Sous la direction de Marie-Hélène Lechien, Olivier Masclet et Gérard Mauger, Editions du Croquant, 2023

Après des années à la tête de la rubrique « Critiques/Lire », Marine Miquel a décidé de passer le relais. Je voulais la remercier pour tout le travail accompli et en profiter pour lui faire un petit clin d’œil à travers ce compte rendu. En effet, dans le numéro 32 de Cause commune, Marine avait évoqué La France d’en bas. Idées reçues sur les classes populaires, un ouvrage codirigé par Olivier Masclet, sociologue à l’université de Limoges. L’ouvrage revenait entre autres sur la constitution d’un « vaste salariat subalterne » comme groupe central des classes populaires, et Marine soulignait que la grande « moyennisation » prophétisée dans les années 1980 n’avait pas eu lieu, le clivage de classe n’ayant pas disparu, les rapports de force et de pouvoir entre groupes sociaux s’étant simplement déplacés. Le mouvement des gilets jaunes a eu notamment le mérite de rappeler aux élites l’existence de ces groupes sociaux dominés, et pourtant centraux par leur place dans l’appareil productif.

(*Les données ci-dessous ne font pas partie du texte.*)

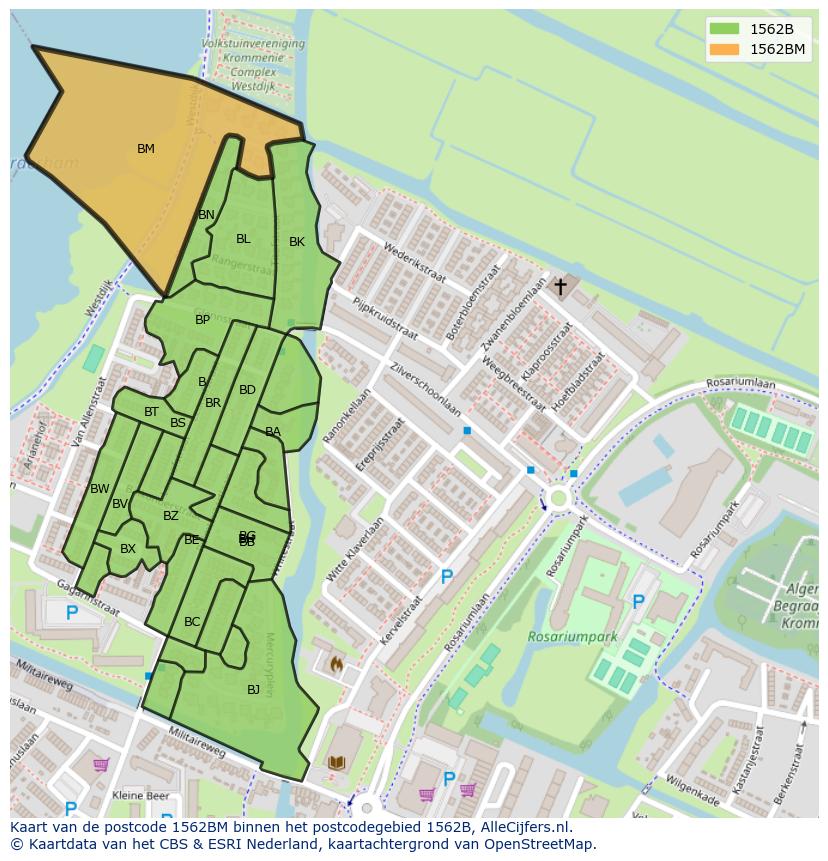 Afbeelding van het postcodegebied 1562 BM op de kaart.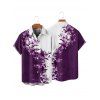 Floral Print V Neck Flare Sleeve Dress and Men's Button Up Short Sleeve Casual Shirt Outfit - Concorde S | US 4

Quels groupes populaires ?
Olivier Masclet est à nouveau le codirecteur, avec Marie-­Hélène Lechien et Gérard Mauger, d’un ouvrage collectif consacré à la sociologie des classes populaires. Même s’il semble qu’une partie des sociologues étudiant ces groupes sociaux regrette l’ambiguïté du terme « classes populaires » (qui gommerait la connotation politique contenue dans le concept de « classe ouvrière »), tous les articles rassemblés choisissent de l’utiliser, afin de désigner cette moitié de la population active, celle qui est composée des ouvriers et des employées (terme de plus en plus accordé au féminin, puisque plus de 80% des employés sont des femmes). Dans son article, Séverine Misset rappelle qu’en 1998, Olivier Schwartz, figure importante de la sociologie des classes populaires en France, avait proposé quelques critères permettant de caractériser plus finement les individus appartenant à ces classes, au-delà de l’appartenance aux groupes des employées et des ouvriers : position subalterne dans le travail, éloignement vis-à-vis de la culture légitime, et faiblesse relative des ressources économiques. Dans l’article qu’il consacre ici à l’usage de la télévision au sein des classes populaires, Olivier Masclet fait référence aux enquêtés issus de ces groupes, en reprenant une division de ceux-ci en strates « pauvre » (allocataire du RSA, ouvriers intérimaires...), « petite-moyenne » (employés administratifs du public...), et « médiane » (couple formé d’un maçon et d’une aide à domicile, un autre d’une femme de ménage et d’un chauffeur poids-lourds...). Cette combinaison d’éléments descriptifs permet donc d’approcher au mieux les sujets de l’étude. Il est d’ailleurs notable que de nombreux articles du livre utilisent un matériau commun : une enquête collective financée par l’Agence nationale de la recherche (ANR) Le Populaire aujourd’hui entre 2014 et 2018, constituée d’entretiens approfondis et de monographies de ménages issus des classes populaires.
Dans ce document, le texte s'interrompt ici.